’21 Jump Street’ a surprisingly great movie

21 Jump Street a surprisingly great movie

Mike Presberg

21 Jump Street
poster used under fair use exception to copyright law

“21 Jump Street”, starring Jonah Hill (“Superbad”) and Channing Tatum (“Dear John”) as two immature police officers sent to do undercover work at a local high school in an effort to bring down a student-run synthetic drug ring (say that five times fast), tells an absurd story and tells it well.
The film is loosely based on a hit television series that ran from 1987-1991 and featured, among other future stars, Johnny Depp in a breakthrough role.
The movie’s screenplay and the working of its characters are decidedly formulaic. Of course, it turns out that Hill and Tatum attended high school together and were at opposite ends of the social spectrum (Tatum plays the jock and Hill the nerd in the classic “odd couple” routine). And here’s another shocker: when they go undercover, their roles are reversed.
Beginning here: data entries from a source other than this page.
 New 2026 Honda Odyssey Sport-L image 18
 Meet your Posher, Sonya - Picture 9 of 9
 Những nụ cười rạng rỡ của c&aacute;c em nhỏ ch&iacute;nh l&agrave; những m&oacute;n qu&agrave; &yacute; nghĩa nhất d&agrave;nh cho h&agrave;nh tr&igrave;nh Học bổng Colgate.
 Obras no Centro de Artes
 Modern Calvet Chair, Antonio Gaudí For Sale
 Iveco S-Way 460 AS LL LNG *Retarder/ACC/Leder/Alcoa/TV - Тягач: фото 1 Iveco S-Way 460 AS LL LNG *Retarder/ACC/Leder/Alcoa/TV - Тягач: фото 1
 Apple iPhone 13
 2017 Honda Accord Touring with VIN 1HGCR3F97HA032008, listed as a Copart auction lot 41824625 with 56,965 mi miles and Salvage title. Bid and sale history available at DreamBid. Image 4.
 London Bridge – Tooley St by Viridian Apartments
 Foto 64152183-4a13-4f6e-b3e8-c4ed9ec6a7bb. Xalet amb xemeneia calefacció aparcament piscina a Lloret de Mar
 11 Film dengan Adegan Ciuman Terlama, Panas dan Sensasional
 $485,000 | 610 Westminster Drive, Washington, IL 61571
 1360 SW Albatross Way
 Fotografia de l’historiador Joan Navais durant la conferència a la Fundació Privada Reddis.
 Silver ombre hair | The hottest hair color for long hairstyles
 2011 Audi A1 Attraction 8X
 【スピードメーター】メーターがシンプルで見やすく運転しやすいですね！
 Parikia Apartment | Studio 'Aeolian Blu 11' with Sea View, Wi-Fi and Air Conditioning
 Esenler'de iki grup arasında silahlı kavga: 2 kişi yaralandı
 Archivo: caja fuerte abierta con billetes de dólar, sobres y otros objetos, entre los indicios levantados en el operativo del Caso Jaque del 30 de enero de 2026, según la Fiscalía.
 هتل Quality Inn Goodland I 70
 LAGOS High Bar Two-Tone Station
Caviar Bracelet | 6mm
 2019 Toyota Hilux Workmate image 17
The filmmakers even manage to sprinkle in the old veteran versus rookie cop cliché (with Ice Cube as the cynical, long-suffering police captain).
But this derivative plotline is compensated for by the fact that directors Phil Lord and Chris Miller (co-directors of “Cloudy with a Chance of Meatballs”) and screenwriters Michael Bacall (“Inglourious Basterds”) and Hill (in his screenwriting debut) understand the limitations of their material. Where the television series was all about teenage angst and melodrama, this film wisely abandons the spirit of its origins and focuses its attention on an unambitious but laudable goal; to entertain its audience at all costs.
Throughout the film, this mainly involves self-consciously vulgar (and often hilarious) comedy, along with slapstick-laden action sequences. And while crude comic gags and chase scenes are beaten to death in most so-called “teenage comedies” made in Hollywood today, the filmmakers balance these elements with the occasional genuinely touching (and surprisingly unsentimental) scene about the social nature of high school.
It also doesn’t hurt that both lead actors are more than up for the task. Hill (as always) is brilliant as the zany, awkward, endearing misfit, and Tatum is perfect as the dead-pan counterpart to Hill’s antics.
“21 Jump Street” isn’t a great work of art, and doesn’t have much in the way of deep philosophy (there’s no black monolith that embodies the mystery of intelligent life, nor is there an all-powerful ring that symbolizes humanity’s self-destructive propensity toward lust for superficial desires). But, in its own unpretentious way, “21 Jump Street” is (I’ll dare say it) a great movie.
I can’t think of the last time I laughed so hard in a theater, nor can I think of another movie aimed at high school students that was so tasteful in its tastelessness (the comedy is crude, to be sure, but  it never degenerates to the point where you feel awkward sitting with your friends in a dark room).
There’s something to be said for doing a dirty job in a masterful fashion, and “21 Jump Street” is a masterpiece of teen comedy and the best film of this year so far.